↓

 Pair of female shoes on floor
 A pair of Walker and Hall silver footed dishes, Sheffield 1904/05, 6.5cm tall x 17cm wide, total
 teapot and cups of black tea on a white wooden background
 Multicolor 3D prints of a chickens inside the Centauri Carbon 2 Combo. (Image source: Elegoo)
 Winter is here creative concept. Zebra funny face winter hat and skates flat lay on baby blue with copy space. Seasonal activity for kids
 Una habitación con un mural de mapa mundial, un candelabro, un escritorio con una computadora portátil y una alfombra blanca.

↑
↓

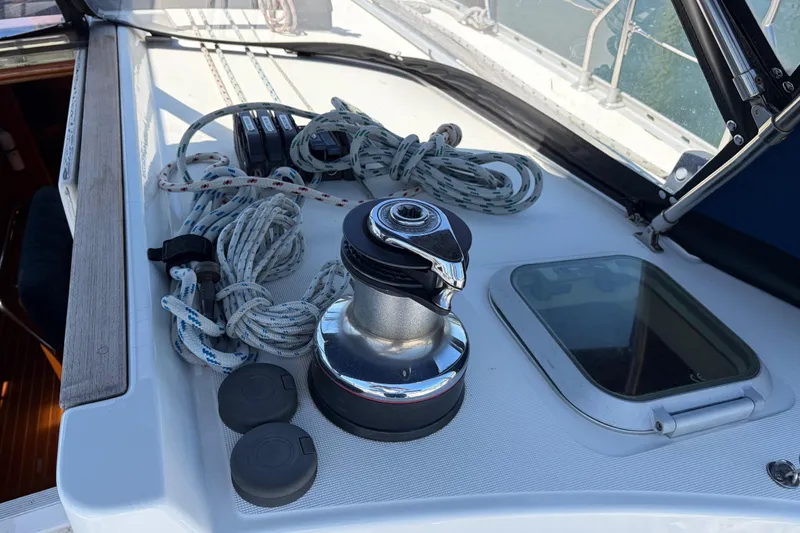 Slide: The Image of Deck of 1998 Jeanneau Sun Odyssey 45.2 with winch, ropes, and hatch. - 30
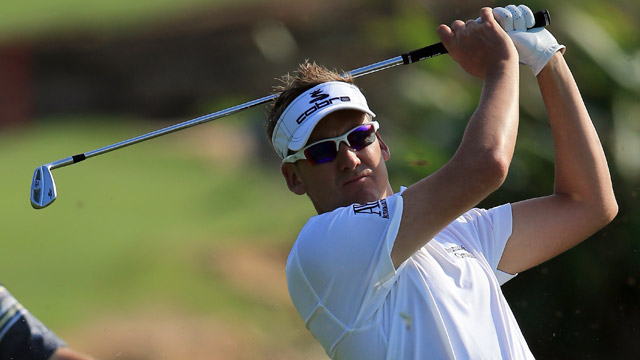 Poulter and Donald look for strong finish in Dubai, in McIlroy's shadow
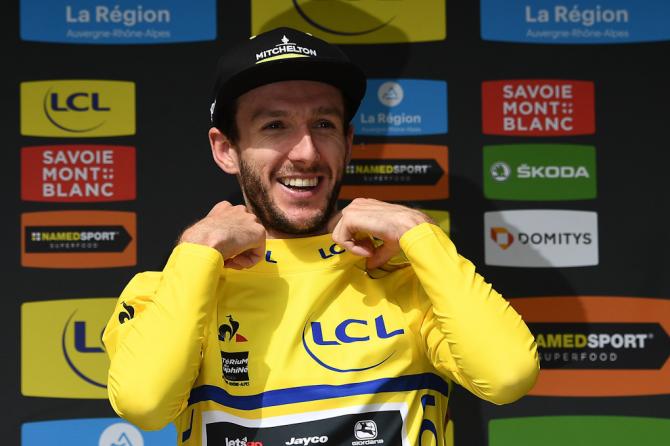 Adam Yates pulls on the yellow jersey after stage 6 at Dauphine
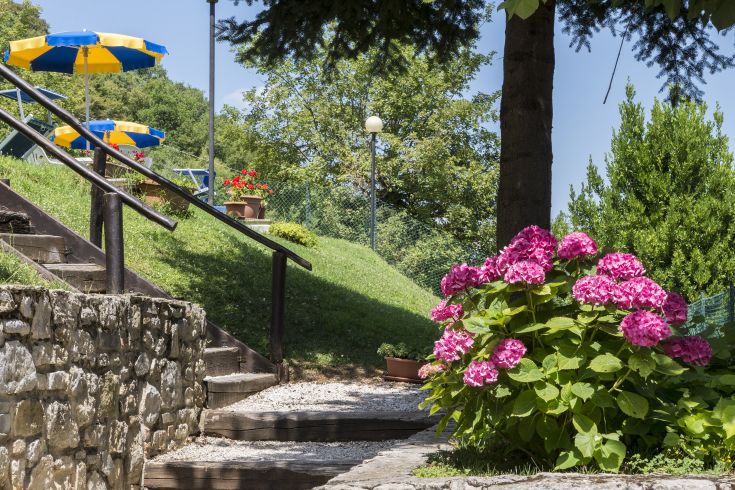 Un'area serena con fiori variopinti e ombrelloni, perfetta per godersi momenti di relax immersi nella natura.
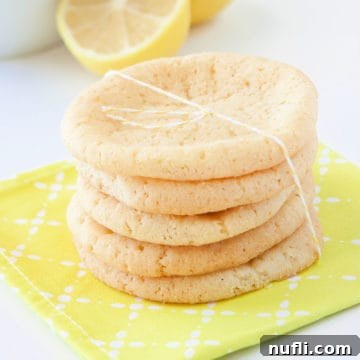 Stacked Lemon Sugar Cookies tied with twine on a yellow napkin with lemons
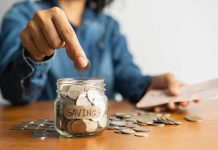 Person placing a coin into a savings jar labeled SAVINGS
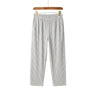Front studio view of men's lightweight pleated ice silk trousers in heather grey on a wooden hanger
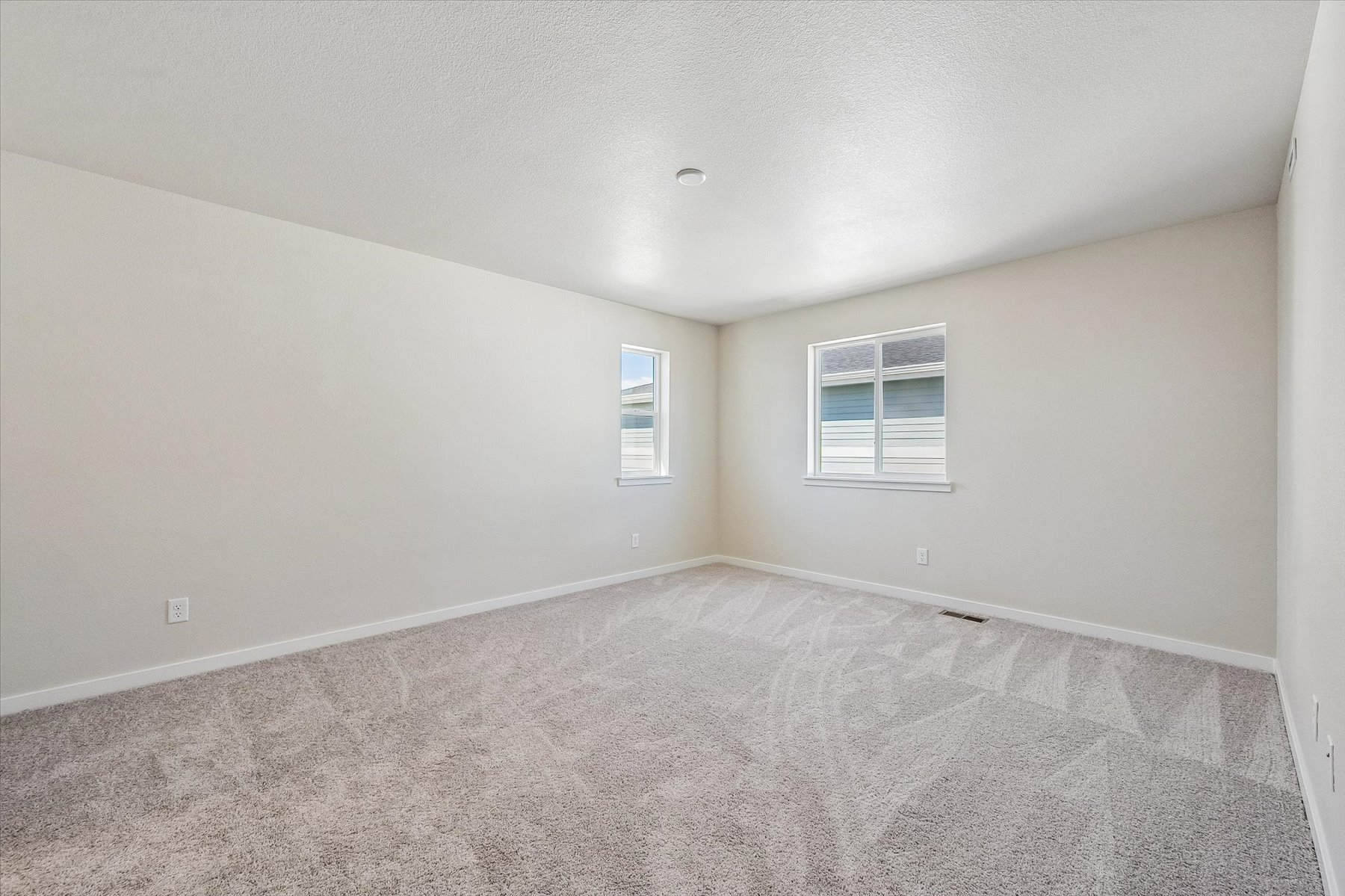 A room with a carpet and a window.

↑
↓

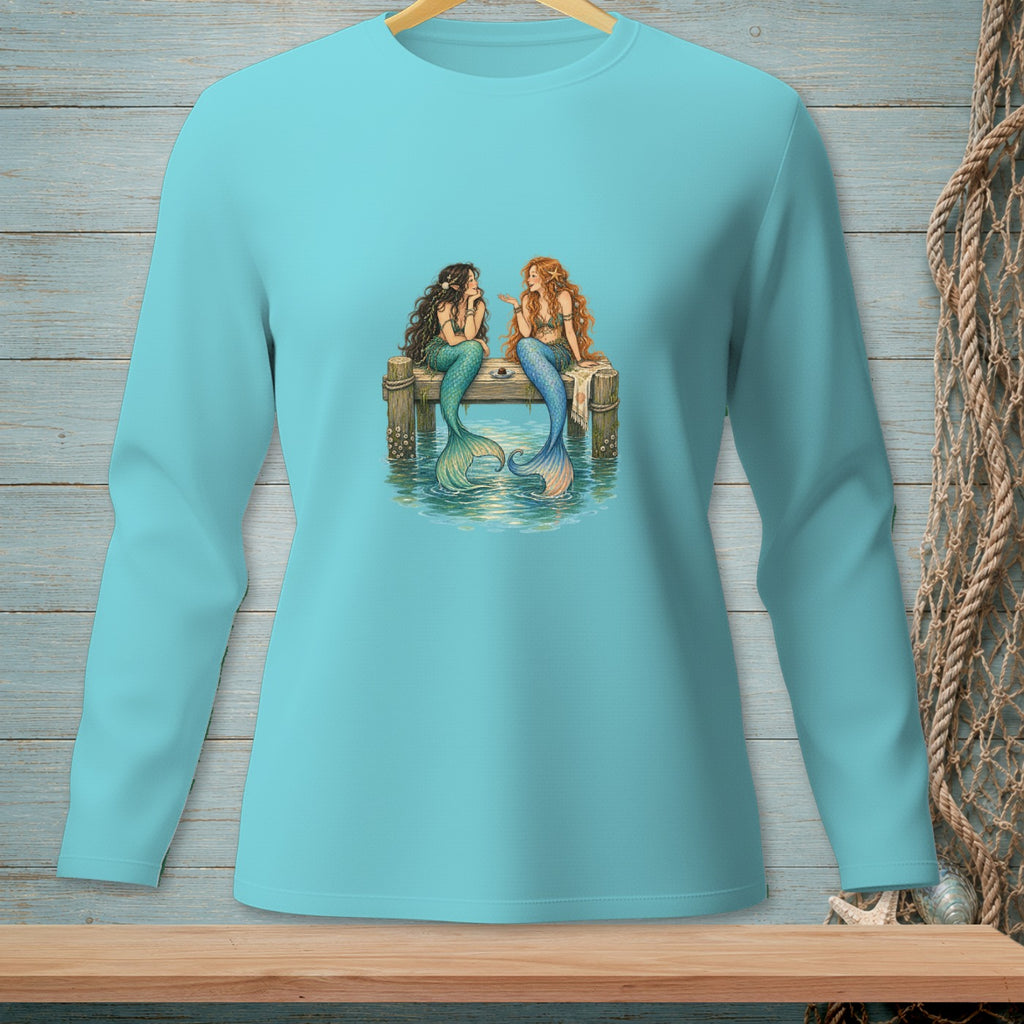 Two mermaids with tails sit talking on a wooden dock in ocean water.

↑

Task instructions
Set down, unchanged, only those lines above that fall between the line with "A pair of Walker" and the line with "Una habitación con", the two end lines included.

Final answer
 A pair of Walker and Hall silver footed dishes, Sheffield 1904/05, 6.5cm tall x 17cm wide, total
 teapot and cups of black tea on a white wooden background
 Multicolor 3D prints of a chickens inside the Centauri Carbon 2 Combo. (Image source: Elegoo)
 Winter is here creative concept. Zebra funny face winter hat and skates flat lay on baby blue with copy space. Seasonal activity for kids
 Una habitación con un mural de mapa mundial, un candelabro, un escritorio con una computadora portátil y una alfombra blanca.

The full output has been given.